Katrina vanden Heuvel on Corrupt, Unhelpful "Center" and Its Flight from Reality



As a complement to the two postings I've just made: there's been valuable discussion recently of the shortcomings of beltway centrism and the predictable cry of centrists as each election cycle rolls around that we just need to get along, be more bipartisan and cooperative--and move right as the political pendulum moves ever more decisively to the right.  


At Salon, Alex Pareene tackled these issues a day or so ago, noting that the New York Times's war-mongering centrist commentator Bill Keller has (predictably) weighed in on the recent kerfuffle that ensued when Paul Krugman exposed David Brooks's "centrism" for the hot mess of right-wing propaganda it really is.  Keller's, of course, all for Brooks's proposal to move the conversation to the right to the center.

And at Common Dreams today, Katrina vanden Heuvel offers first-rate analysis of the deep corruption at the heart of the beltway centrist enterprise.  As she notes, the essential thing that the centrist proposals for us to get along keep overlooking is reality itself: the reality that the pendulum has swung so far to the right in the Republican party as it's now configured that there's not the least intent of compromise on the part of the GOP.  And so, to all intents and purposes, the centrist proposal that we engage in bipartisan compromise effectively means that those to the left of the center should keep conceding ground to the right, even as the right moves further and further to the right.

This discussion has pertinence, I think, for what I've just posted about the pro-USCCB cheerleading of beltway centrist Catholic commentators.  Under the guise of applauding the bishops' concern for the poor, what the beltway centrist Catholic commentariat has long done--what it keeps doing--is working to assure that the official Catholic public conversation is heavily weighted to the right.  And that the Democratic party, to the extent that it expects to have Catholic support, has to dance to the tune played by the Catholic bishops.

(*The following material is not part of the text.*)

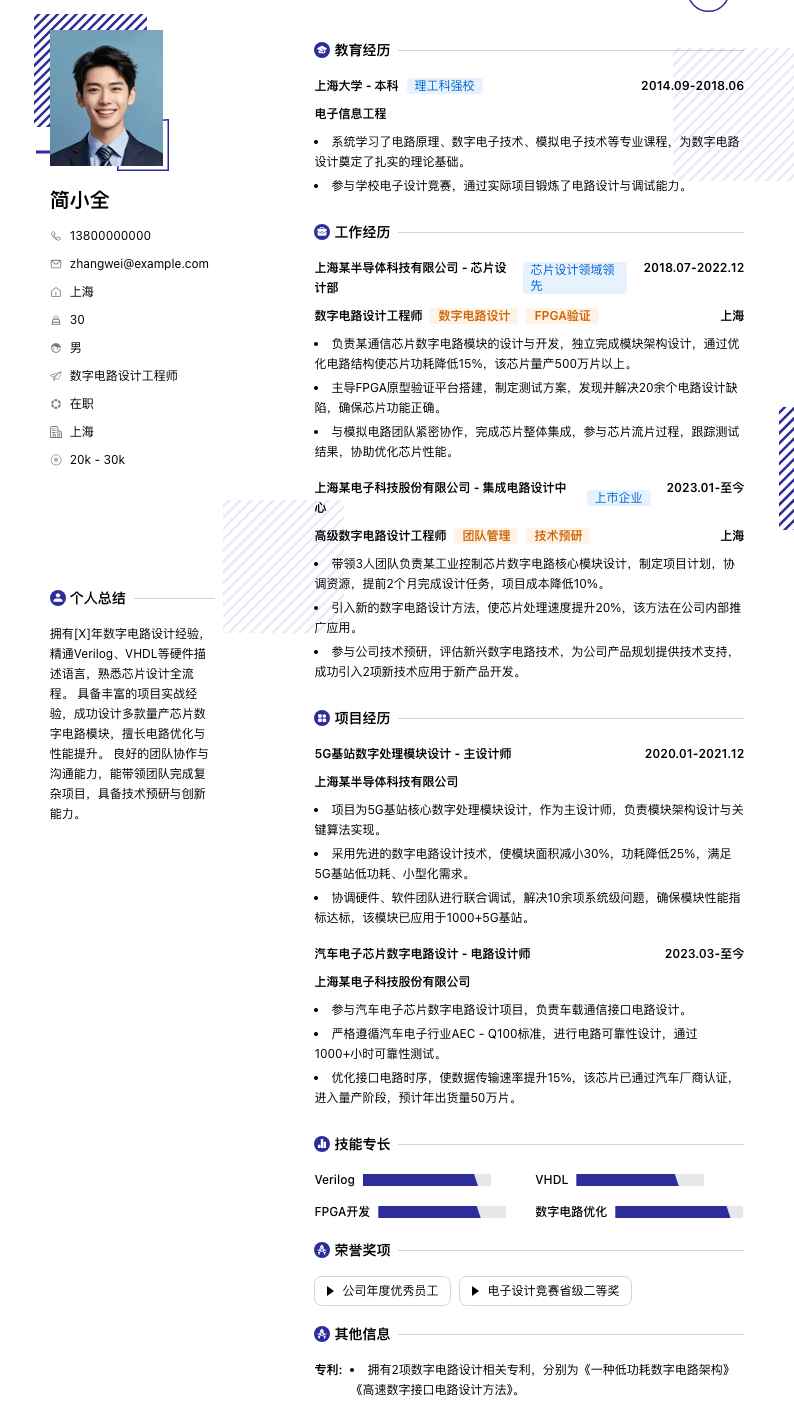 数字电路设计工程师简历模板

As I've suggested, and as I think vanden Heuvel's analysis of corrupt, unhelpful beltway centrism underscores, this centrist Catholic pro-USCCB cheerleading has little to do with the reality of the American Catholic church right now--a church in which the bishops' penchant for the Republican party is readily apparent and undisguised; a church in which the bishops are attacking the human rights of marginalized communities under the guise of protecting human rights; a church in which the bishops are spending millions to engage in these political crusades while abandoning the poor; a church in which the bishops have decidedly not protected the least among us in their handling of the abuse of children, etc.

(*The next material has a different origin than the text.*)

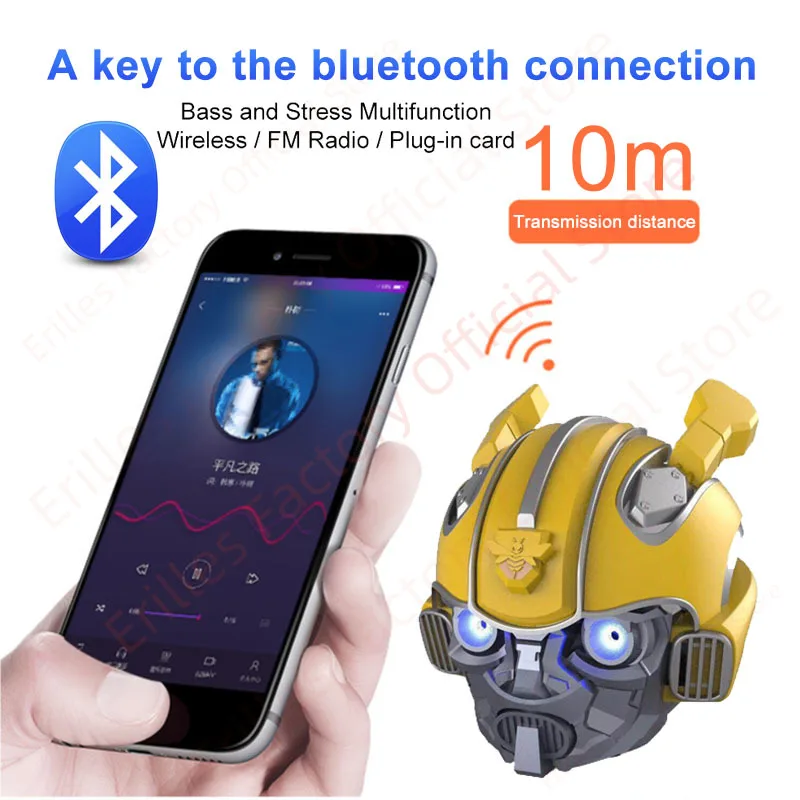 Bluetooth Speakers Bumblebee Transformers New Creative Cartoon Wireless Card Mini Outdoor Low Small Acoustics Megaphone Echo Dot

When we abandon reality for ideological stuff and nonsense, we seldom end up serving moral ends.  Since, as Jesus constantly reminds his followers throughout the gospels, living lives of faithful devotion to God's word requires us to immerse ourselves in the nitty-gritty real world, in the world of the hungry, the naked, the homeless, the sick, the stranger, those shoved to the margins.  In the world in which love becomes incarnate precisely by acting in solidarity with those on the margins.

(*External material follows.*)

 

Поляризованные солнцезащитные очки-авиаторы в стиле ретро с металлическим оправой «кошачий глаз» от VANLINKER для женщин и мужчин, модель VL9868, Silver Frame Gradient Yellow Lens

And as Jesus also constantly reminds his followers in the gospels, living lives of practical compassion in the real world  requires us to speak the truth in love and let our yea be yea and our nay be nay.  Not to lie on behalf of the powers that be, so that we can preserve our comfortable jobs as interpreters of religious meaning while we remain comfortably ensconced in the very power centers that make the decisions that result in misery for the least among us.